Scott Tobias of Vulture gave the episode a perfect 5 star rating out of 5 and wrote, "I’m sure I'll have plenty of opportunities to sound off about the level of craft on this show, but The Righteous Gemstones remains the rare series where a word like cinematic is a proper descriptor. The evocation of the period here is far above what would be required of a TV comedy, but there are specific sequences that stand out here, too, like a dynamic tracking shot that faces the Confederate side exclusively as they're ripped apart by enemy fire. And that's followed by a montage, set to Waylon Jennings's “Goin' Down Rockin’,” that frames blood-and-mud-caked soldiers dead center as if they were sitting for a portrait. Powerful stuff."

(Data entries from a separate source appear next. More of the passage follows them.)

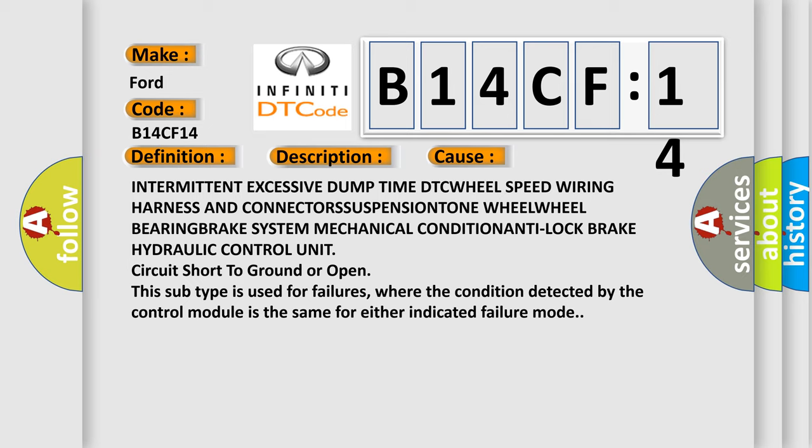This subtype is used for failures where the condition detected by the control module is the same for either indicated failure mode.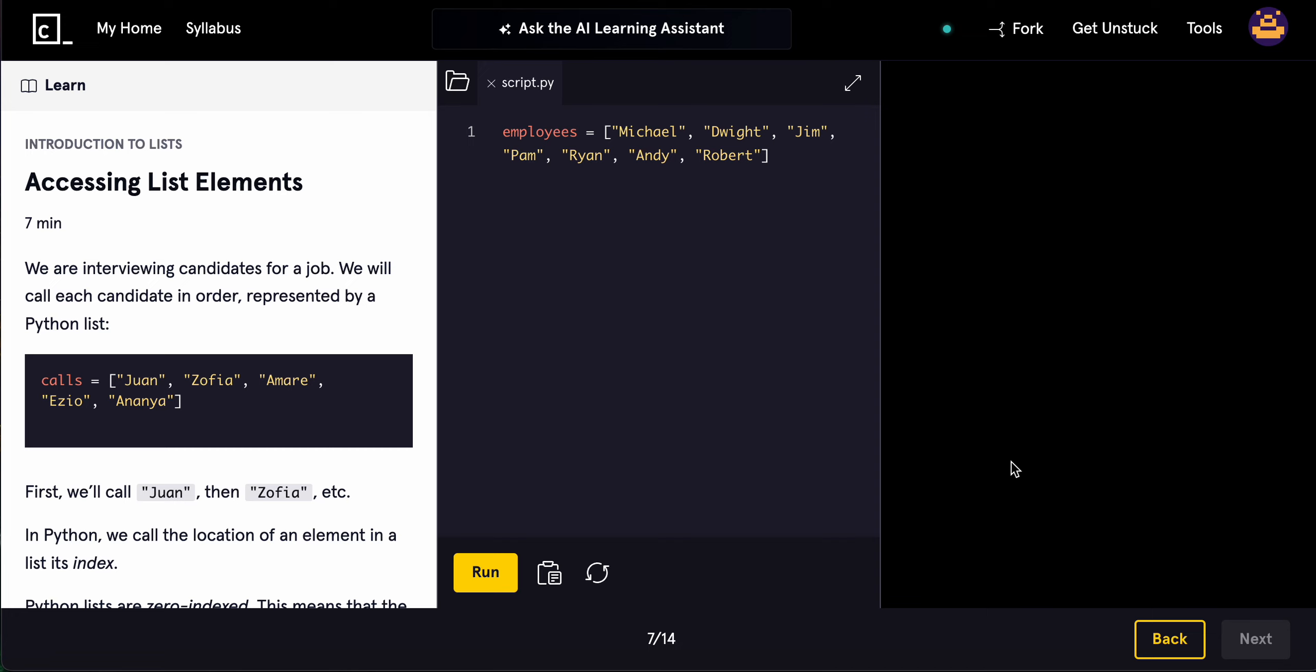Alright, what's going on guys? Welcome back to another video. Today we're going to be looking at how to access list elements. Before I start this, if you want internships sent directly to your email or you're looking for ways to get an internship, check out the top link in the description to sign up to my newsletter. Anyway, let's get started here.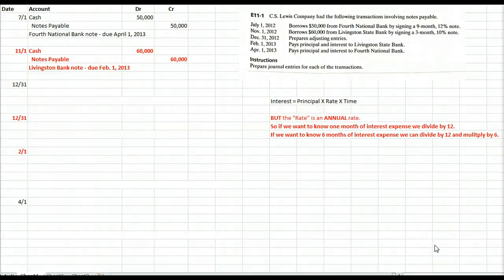Interest expense is an important part of your personal finances and your business finances. If you buy a house, you're going to borrow the money. If you work for a company, they're either borrowing money or lending money or both. So being able to calculate interest expense is an important business skill to have.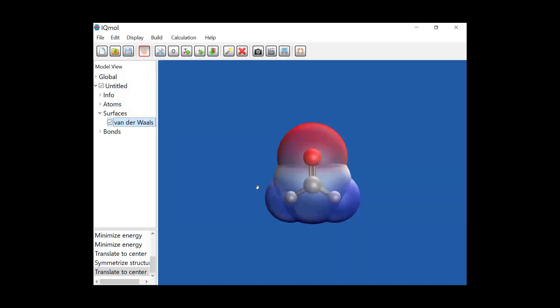This is similar to what you get from a dipole moment, but now showing which areas of the molecule have extra charge. The red indicates there's extra electrons, it's the negative part of the surface, and the blue indicates you have a lack of electrons, and it's the positive part of the surface.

Paul Dailly of TV Fanatic gave the episode a 3.75 star rating out of 5 and wrote, "Standalone episodes are good, but the season premiere lacked the pizazz of other episodes, with little-to-no laughs, which isn’t what we’ve come to expect with this show." Keeley Brooks of Show Snob wrote, "Right out the gate, season 4 paves the yellow brick road of the Gemstone legacy that would last well into the 21st Century, and if they keep up the outrageously absurd antics and relatable family dynamics, the final season of the hit series should welcome us right into the castle and deliver us all from evil."

===Accolades===
TVLine named Bradley Cooper as an honorable mention for the "Performer of the Week" for the week of March 15, 2025, for his performance in the episode. The site wrote, "We won't pretend to be surprised that Bradley Cooper did something special in The Righteous Gemstones final season premiere. The man's got five Oscar nods for acting under his belt; he's pretty good at this. But Cooper's turn as a Civil War-era, down-on-his-luck Gemstone ancestor still demands kudos, after he used every one of those 38 premiere minutes to transform grifter Elijah into a character worth championing. We enjoyed seeing Cooper's comedy chops on display, no doubt, as a greedy and selfish Elijah avoided ever preaching to his Confederate soldiers. But it was in his final scenes of the episode — Elijah's sweet, authentic prayer to his doomed friends, followed by an honest attempt to read the Bible for real — where Cooper did his best work, softening Elijah so swiftly and sincerely that it felt a little like divine intervention."

The episode won the award for Episodic Comedy at the 78th Writers Guild Awards.